Work instruction:
Starting at the line with "Acqua di Parma" in it, reproduce each line below through the last one, exactly, and include nothing else.

Dataset excerpts:
++++++

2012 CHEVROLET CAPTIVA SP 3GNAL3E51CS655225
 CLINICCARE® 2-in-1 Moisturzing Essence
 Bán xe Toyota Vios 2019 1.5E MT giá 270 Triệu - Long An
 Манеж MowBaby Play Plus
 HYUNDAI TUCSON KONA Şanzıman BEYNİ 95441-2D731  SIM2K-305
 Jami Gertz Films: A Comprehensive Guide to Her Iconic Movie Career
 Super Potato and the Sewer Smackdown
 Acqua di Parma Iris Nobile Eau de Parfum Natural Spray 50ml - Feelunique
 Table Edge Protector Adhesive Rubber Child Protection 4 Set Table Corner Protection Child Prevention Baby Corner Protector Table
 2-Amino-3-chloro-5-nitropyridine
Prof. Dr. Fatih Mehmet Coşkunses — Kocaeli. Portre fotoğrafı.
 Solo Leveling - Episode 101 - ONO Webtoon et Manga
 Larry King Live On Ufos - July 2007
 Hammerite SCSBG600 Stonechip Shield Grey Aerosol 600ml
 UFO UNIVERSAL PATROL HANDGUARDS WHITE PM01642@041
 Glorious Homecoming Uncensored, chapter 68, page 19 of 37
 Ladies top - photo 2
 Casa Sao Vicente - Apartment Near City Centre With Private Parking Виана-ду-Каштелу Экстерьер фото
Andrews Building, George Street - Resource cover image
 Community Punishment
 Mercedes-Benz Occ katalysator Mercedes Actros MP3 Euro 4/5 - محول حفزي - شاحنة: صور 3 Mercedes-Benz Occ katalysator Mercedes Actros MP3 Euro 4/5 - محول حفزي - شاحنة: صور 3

++++++

Result:
 Acqua di Parma Iris Nobile Eau de Parfum Natural Spray 50ml - Feelunique
 Table Edge Protector Adhesive Rubber Child Protection 4 Set Table Corner Protection Child Prevention Baby Corner Protector Table
 2-Amino-3-chloro-5-nitropyridine
Prof. Dr. Fatih Mehmet Coşkunses — Kocaeli. Portre fotoğrafı.
 Solo Leveling - Episode 101 - ONO Webtoon et Manga
 Larry King Live On Ufos - July 2007
 Hammerite SCSBG600 Stonechip Shield Grey Aerosol 600ml
 UFO UNIVERSAL PATROL HANDGUARDS WHITE PM01642@041
 Glorious Homecoming Uncensored, chapter 68, page 19 of 37
 Ladies top - photo 2
 Casa Sao Vicente - Apartment Near City Centre With Private Parking Виана-ду-Каштелу Экстерьер фото
Andrews Building, George Street - Resource cover image
 Community Punishment
 Mercedes-Benz Occ katalysator Mercedes Actros MP3 Euro 4/5 - محول حفزي - شاحنة: صور 3 Mercedes-Benz Occ katalysator Mercedes Actros MP3 Euro 4/5 - محول حفزي - شاحنة: صور 3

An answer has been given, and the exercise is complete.